Transdermal fentanyl overdose: don’t let the pharmacokinetics fool you
May 15, 2012, 10:46 pm
Transdermanl Fentanyl in Deliberate Overdose in Pediatrics. Lyttle MD et al. Pediatr Emerg Care 2012;28:463-464.
This case report is annoyingly brief and doesn’t make any new points, but does highlight an important take-home lesson. The case is of a 15-year-old girl found apneic at home after having applied five of her stepfather’s fentanyl patches (100 μg/h each) to her body in a suicide attempt. She required multiple doses of intramuscular and intravenous naloxone to maintain respiratory drive and level of consciousness, and then a naloxone drip for 36 hours after presentation.

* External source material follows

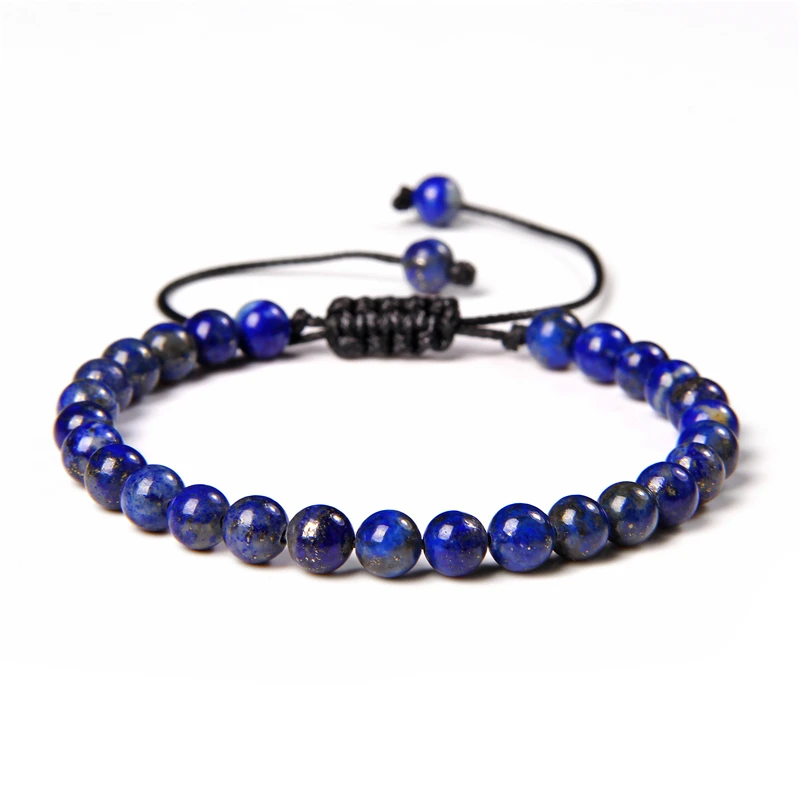 Bracelet tressé en pierre naturelle pour hommes et femmes, bijoux de méditation, mystes d'atterrissage, perle Lapis Lazuli, agates bleues et violettes, 6mm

Here’s the tricky part: because fentanyl is so short-acting (duration of IV dose 0.5 – 1.0 hours), it is easy to underestimate how long the effects of transdermal fentanyl will last. However, because of the concentration gradient, when a fentanyl patch is applied a depot of the drug is taken up by skin layers and slowly released into the system. Therefore, even after the patches are removed serum levels can increase, since the elimination half-life is 13 – 22 hours. Patients who experience respiratory depression from fentanyl patches should be observed in a monitored setting for at least 24 hours after patch removal.